“Calaveras de azúcar o de papel china, esqueletos coloridos de fuegos artificiales (...) Adornamos nuestras casas con cráneos, comemos el día de los difuntos panes que fingen huesos y nos divierten canciones y chascarrillos en los que ríe la muerte pelona, pero toda esa fanfarronada familiaridad no nos dispensa de la pregunta que todos nos hacemos: ¿qué es la muerte? No hemos inventado una nueva respuesta. Y cada vez que nos la preguntamos, nos encogemos de hombros: ¿qué me importa la muerte, si no me importa la vida?”, dice Octavio Paz en El laberinto de la soledad, texto que encontramos en el capítulo dedicado a “Todos Santos, Día de Muertos”. Y es que a casi 60 años de que se publicara la citada obra, la auténtica y generosa alegría por celebrar la vida sobrevive en sitios como Mixquic, Teotitlán del Valle, Huaquechula, Pátzcuaro, San Martín Chalchicuautla y San Gabriel Chilac, los lugares más importantes y concurridos, fiestas indígenas dedicadas a los muertos declarados por la UNESCO como Obras Maestras del Patrimonio Oral e Intangible de la Humanidad. Ahí colocan altares monumentales y majestuosas ofrendas que conmueven a propios y sorprenden a extraños. En recónditos lugares de la república mexicana la tradición permanece intacta, ignorantes del absurdo halloween y ajenos al multitudinario turismo muchas veces irrespetuoso, pero hambriento por descubrir y palpar de cerca aquello que en las urbes promueven pero no transmiten por completo el torrente de olores, colores y sabores.

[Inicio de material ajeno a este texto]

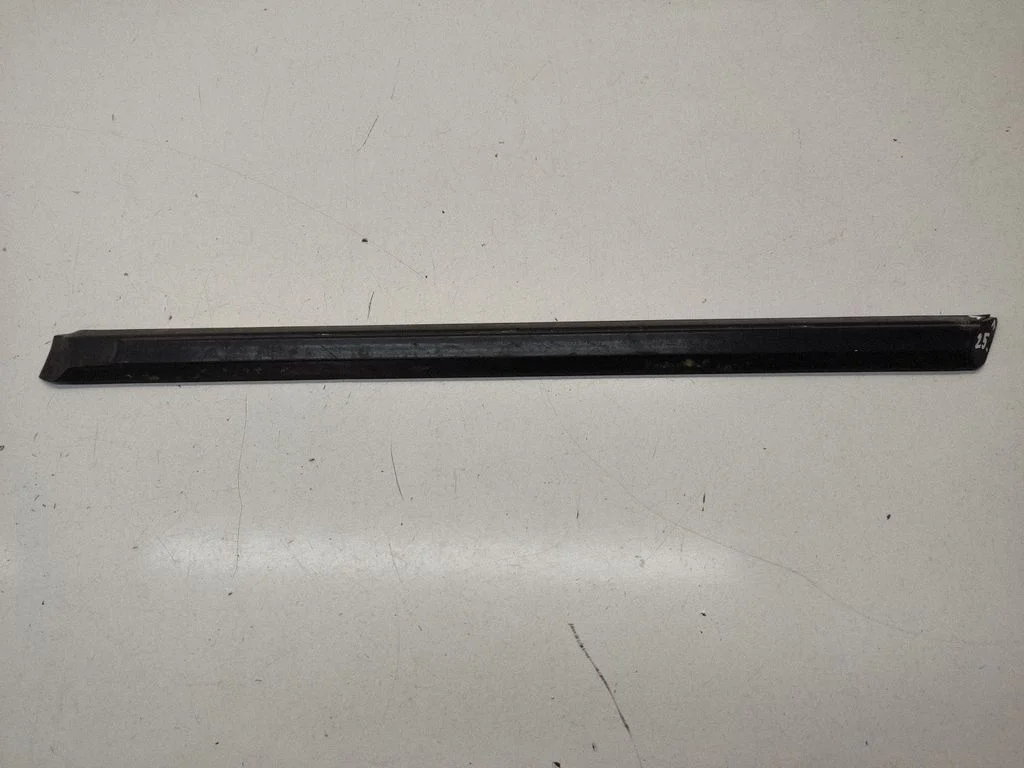 Rear door trim (molding) 1952895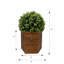 24 plantes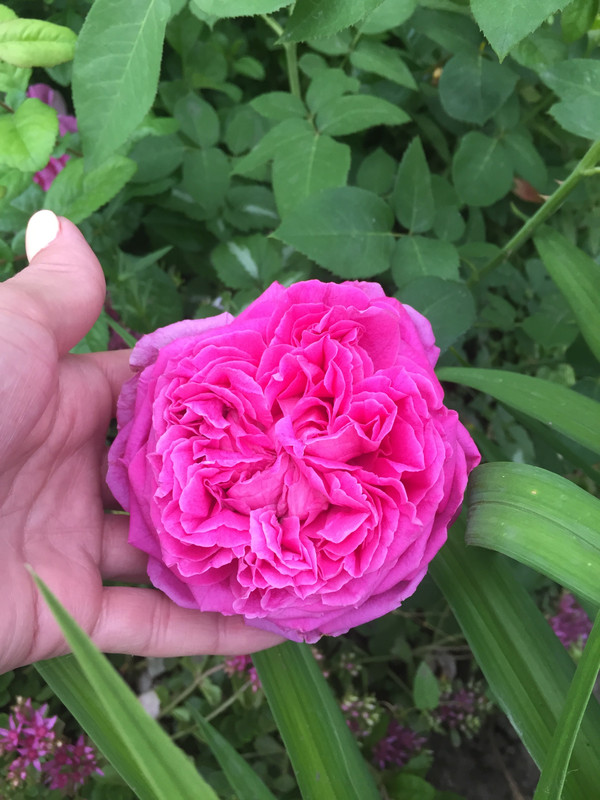 C63C4AF9-17F8-4D33-BE96-65F6ED61205F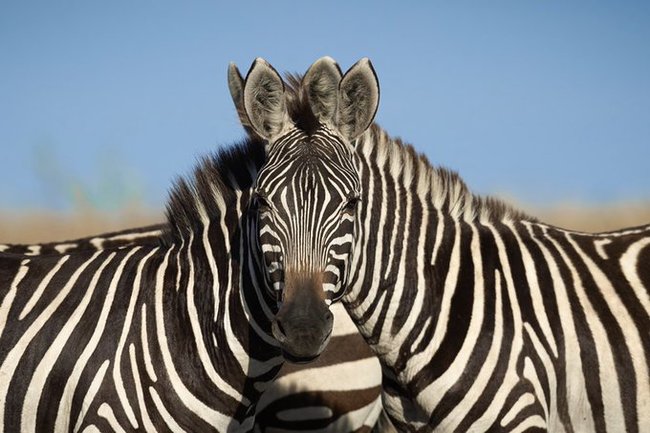 Good angle - zebra, The photo, Foreshortening, Animals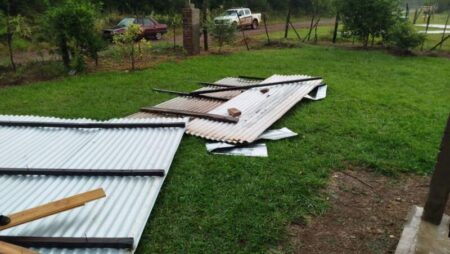 Ráfagas de viento provocaron caída de árboles, cables y daños materiales en Posadas imagen-12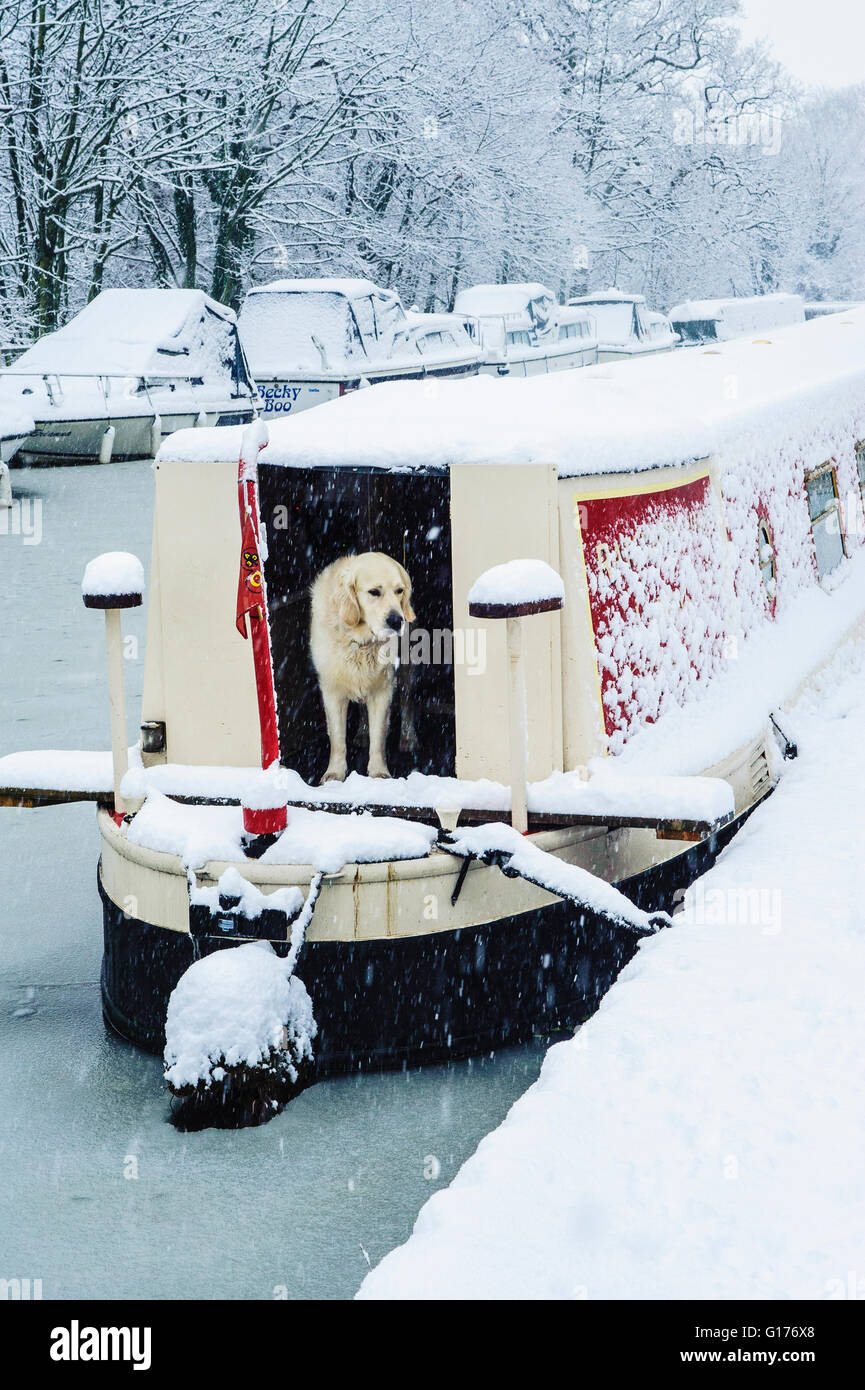 Golden Retriever looks unimpressed by falling snow on a narrowboat on the Lancaster Canal at Garstang Lancashire Stock Photo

¿Realmente el día de muertos vive su agonía o es una tradición que se resiste a morir? Me provoca desazón que las nuevas generaciones prefieran la anodina fiesta anglosajona –que nada tiene que ver con nuestras calaveritas de chocolate y amaranto, con las hojaldras, mucho menos con las ingeniosas composiciones para referirnos chuscamente a la catrina— Quiero pensar que les da flojera colocar un altar u ofrenda o de plano les vale, el único acercamiento a esta tradición es en las escuelas y eso para pasar la materia. Las mismas instituciones educativas caen en la incongruencia de promover a los cuatro vientos lo que es nuestro y le dan relevancia a festivalitos de disfraces. Creo que a muchos de nosotros nos preocupa que esta celebración se resista a morir y nos ocupa ponerla muy por encima del inadmisible día de brujas o espantos.
Esta es una de mis épocas preferidas del año; esencias, matices y sazones los tengo arraigados desde mi niñez y mi capacidad de asombro se ha mantenido al sobrecogerme con la velación de muertos en el panteón de Arocutín o Cucuchucho en Michoacán, al recoger la memoria gráfica de quienes cultivan la flor de camposanto en las fértiles tierras de Atlixco y Cholula, al participar en la “ofrenda nueva” llevando ceras y flores como se dice cuando alguien muere este año o degustar una jícara o tazón de atole con pan mientras se contempla el altar.
Los animo para que conozcan más allá de la ciudad y contribuyan a mantener más viva que nunca la fiesta de la vida, la fiesta de los petateados.